Film Review: Stardust

My Rain Man-like powers for spotting hidden agendas in entertainment can be a curse sometimes. Seems like nobody just makes movies anymore.

For that reason, I was looking forward to Stardust. The trailer (watch it, you'll get the gist) suggested the next Princess Bride -- that cynicism-free breath of fresh air from 1987 of which we could use a second wind today.

First the good news... Turns out there is a big, bright Bride vibe along with elements of The Wizard of Oz, Harry Potter, a Terry Gilliam-esque comic tone, and thoroughly impressive visual design and effects. Also a heavy dose of old school Brothers Grimm horror -- in reversal of Harry Potter's inversion of evil archetypes -- complete with damsels in distress and haggish witches distressing them.

We also get the fetching Claire Danes doing a heavy but excellent British accent, the ever-hilarious Ricky Gervais (too briefly), and a powerfully resurgent Michelle Pfeiffer -- the rare actress selfless enough to have zeroed out her career to devote key years to her family despite her age in a sex-appeal-intensive industry.

Much of the comedy is brilliant, including a billy goat experiencing serious culture shock after Pheiffer's witch queen turns him into an inn keeper (appropriately named "Billy") and a ghostly peanut gallery of murdered princes joining each other on the sidelines throughout the picture as they bump each other off en route to claim the faerie kingdom throne.

And if you're tired of the anachronisms and pop-culture references of Shreck, fear not. The laughs here are mostly in context and much more subtle.

The bad news is that everything only occasionally gels, largely because Stardust cant decide if it wants to be an earnest fairy tale or a send-up of earnest fairy tales.

It's also a road picture that falls into the road picture quagmire of an episodic plot structure. Too many loosely linked waypoints, too little drama.

Ditto for Stardust's too-obvious romantic comedy template. We know the bickering hero and heroine will fall for each other in the end, and it all plays out more or less as expected -- which is fine in a rom-com with perfect chemistry between the leads. Here, the romance works only in fits and starts, feeling alternately real and contrived.
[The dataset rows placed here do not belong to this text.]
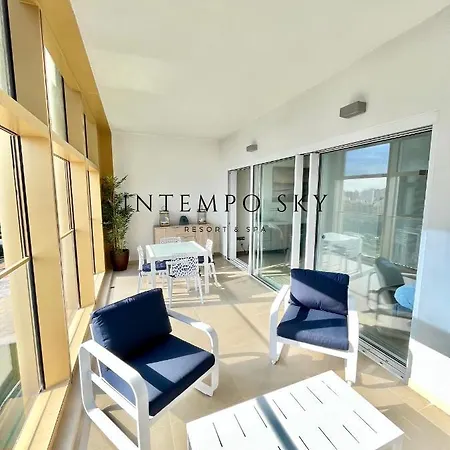 Intempo Sky & Apartman *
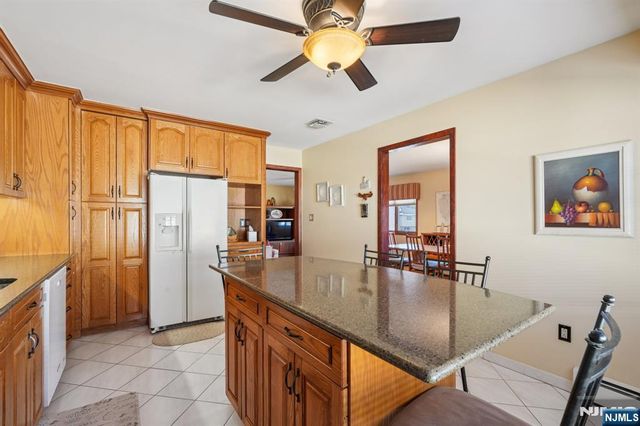 2 Ivy Lane, Wallington, NJ 07057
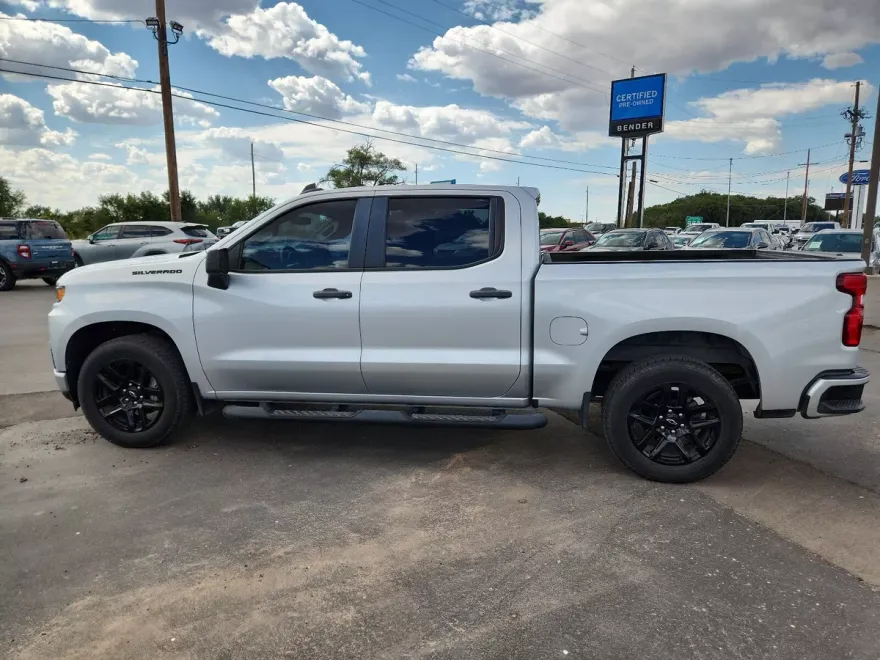 2022 Chevrolet Silverado 1500 Custom photo 1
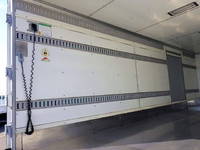 日野レンジャーパネルバン中型（4t）[写真09]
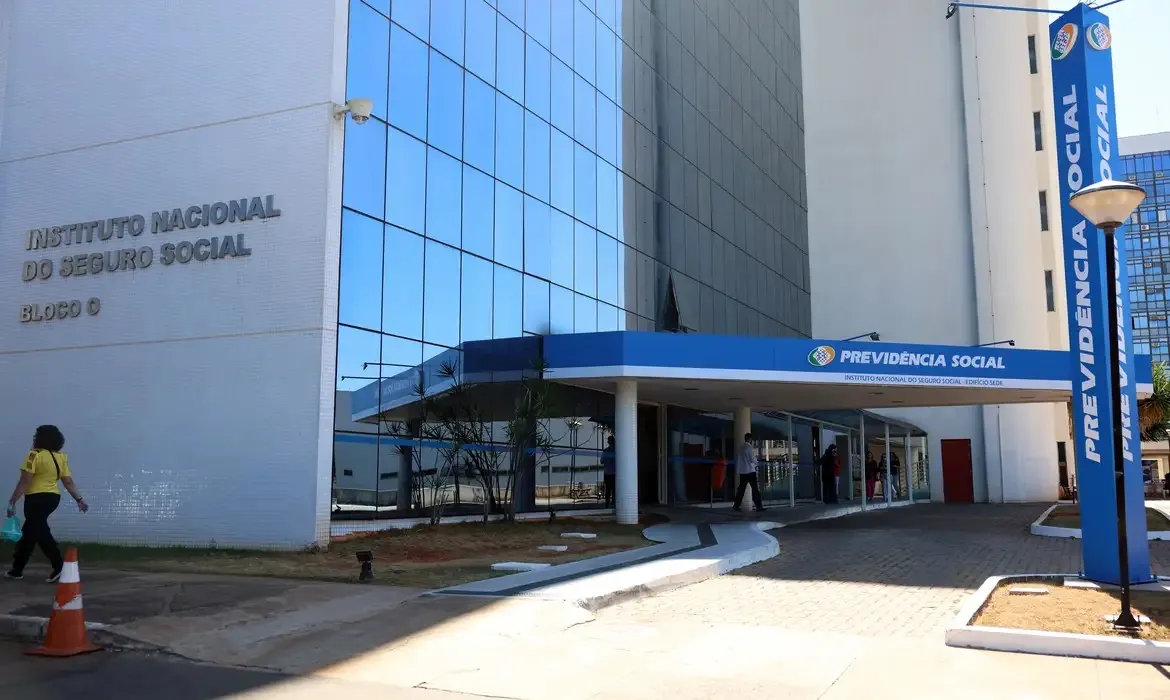 INSS: Justiça bloqueia R$ 2,8 bi de envolvidos em descontos ilegais
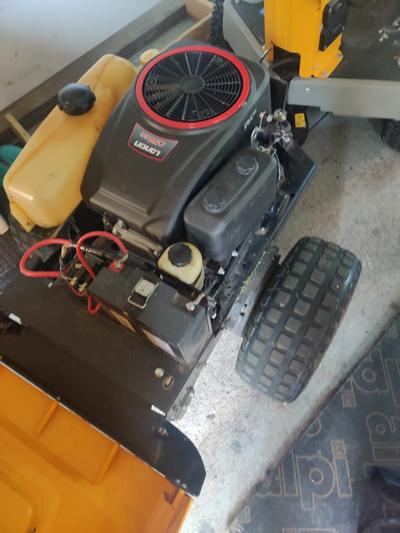 Irtomoottori 12,3 hp / 452 cc pystyakseli, Loncin *ennakkotilaus*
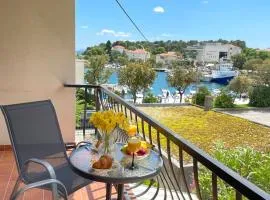 Apartament Krk Near The Sea With Garage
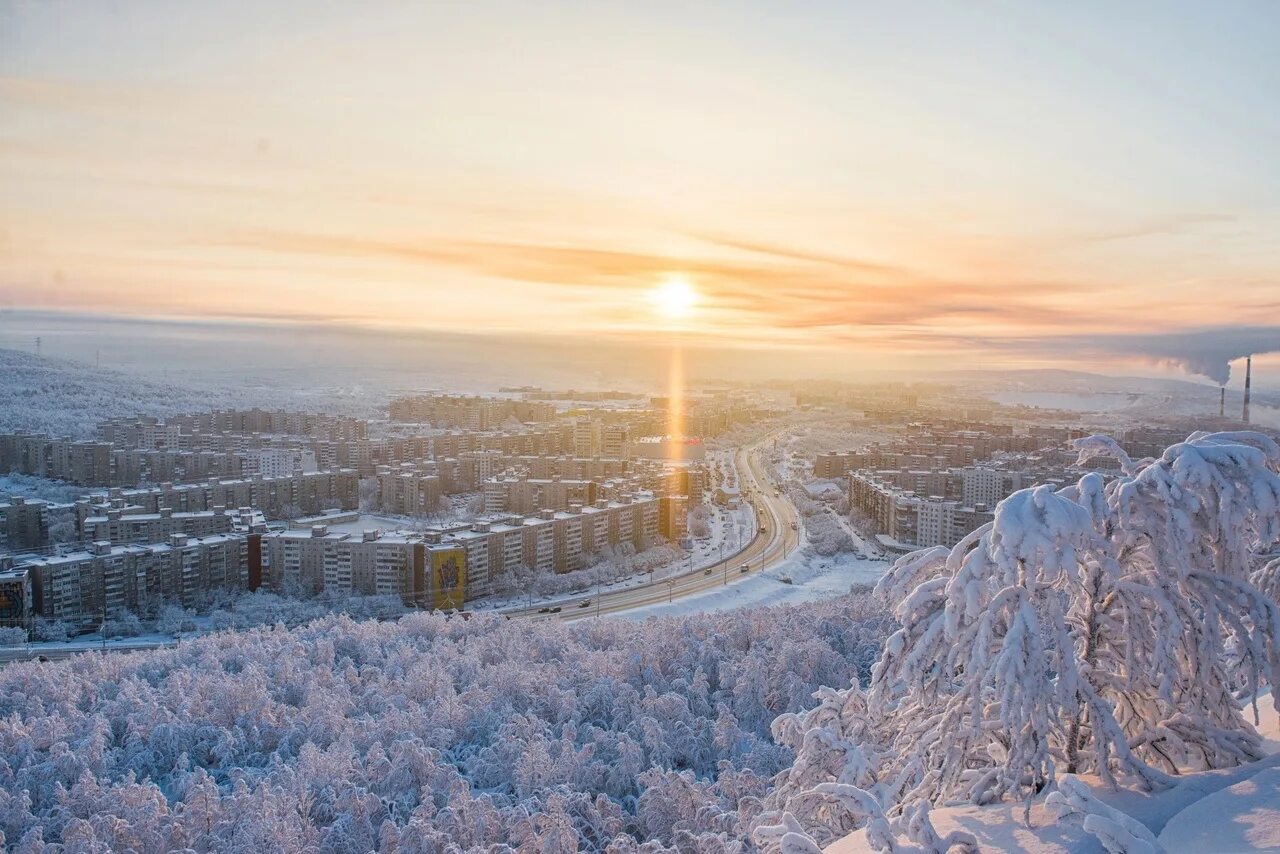 Утренней мурманск домашняя. Закат в мурманске. Мурманск март. Белые ночи в мурманске. Мурманск столица заполярья.
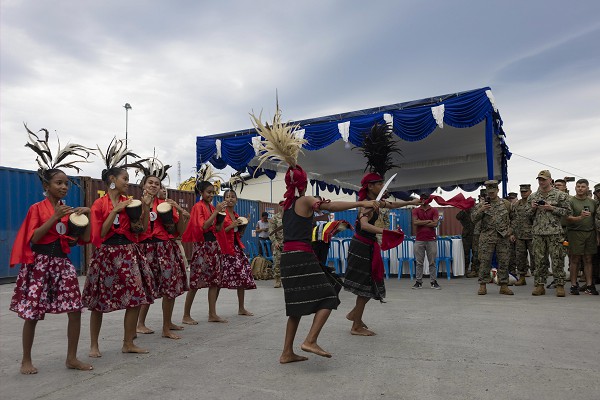 06_Timor_Leste_CARAT_13th_Marine_Expeditionary_Unit__USS_John_P._Murtha_Support_Our_Troops.jpg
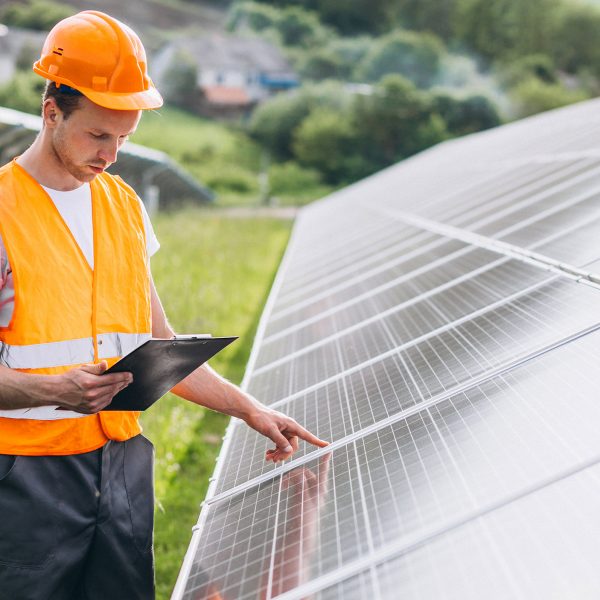 Manutenção do sistema fotovoltaico: proteja-se de quebras de produção e garanta a sua durabilidade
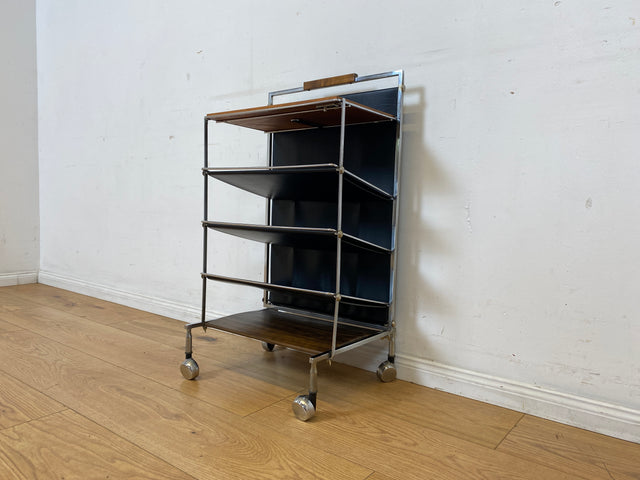 Stilvoller 70er Jahre Space Age Zeitungsständer auf Rollen aus Chrom , Leder & Nussbaum I Zeitungsablage Beistelltisch Ablage Couchtisch Regal Servierwagen Teewagen Vintage I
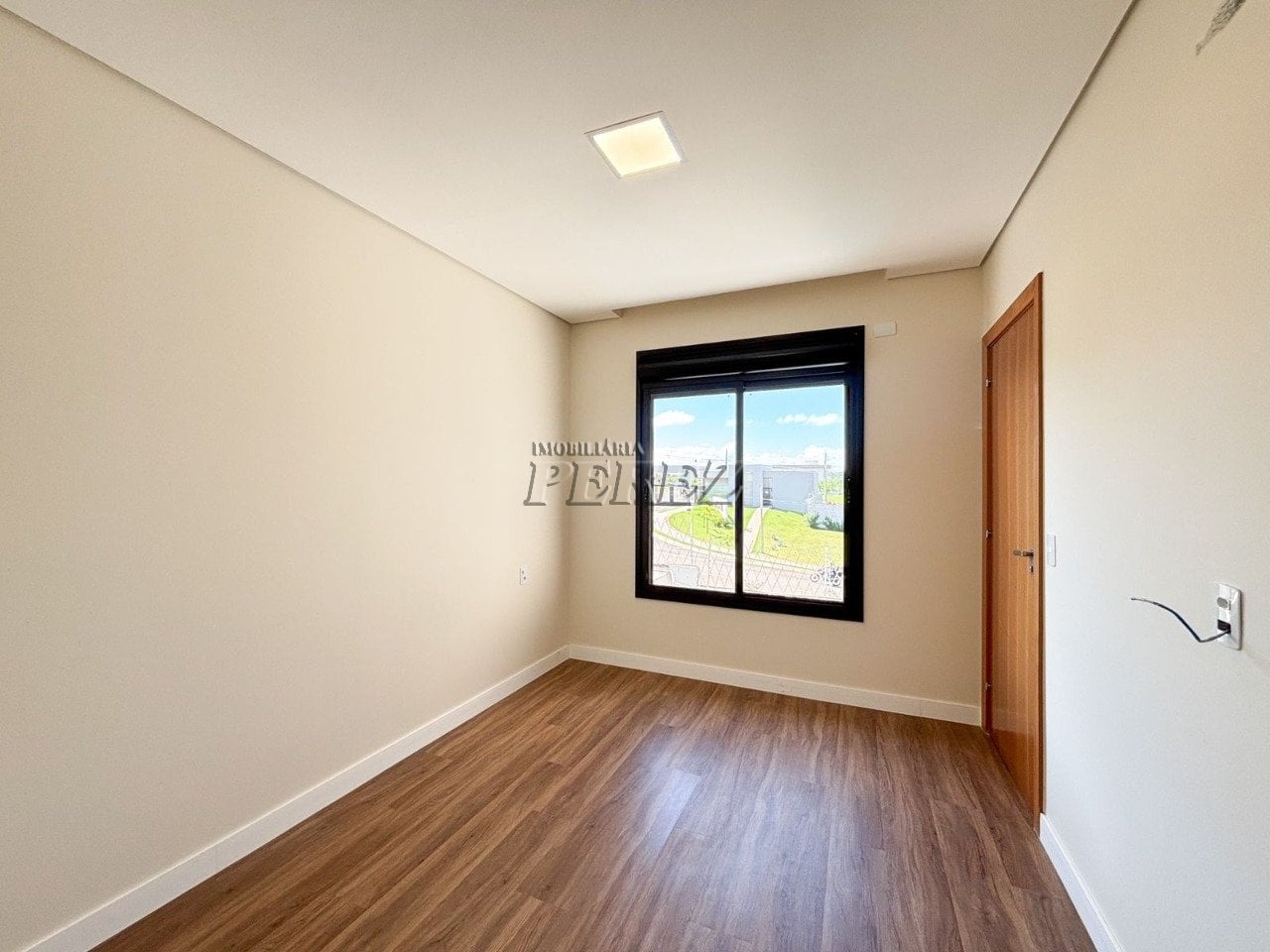 Casa à venda no Condomínio Aranguá em Londrina - Parque Tauá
Then there's Robert De Niro as a (literally) closet gay sky pirate. It's mildly funny at first, but by the time he's dancing around like a can-can girl, it's just lame... (It's tough guy Robert De Niro acting fruity, we get it already.) And we've seen this before, from Monty Python's "Lumberjack Song" to Zorro the Gay Blade. Yet it goes on, waaay past the punchline after that, all the way to a truly gay (in the worst sense of the word) "come out and be happy" message that totally takes us out of the film. Thank you again, Hollywood Gay Mafia.

Parents beware, too, the creepier aspects of the wicked witch element. Animals are sacrificed, entrails are read. (Albeit mostly off-camera. And not to worry, the furry woodland creatures get their revenge in the end.)

...Which all sounds like a thumbs-down, right? Not really. It's an entertaining, mostly original flick that's hard not to enjoy. Just don't expect it to abide with you long after, like the great ones do.

Nor, given all the flaming pirates and witchcraft, can we expect it to become the church youth group, movie night favorite Princess Bride became on its way to universally-loved "modern classic" status.

Bottom line, good film, but I guess I'm still just waiting for that breath of truly fresh air.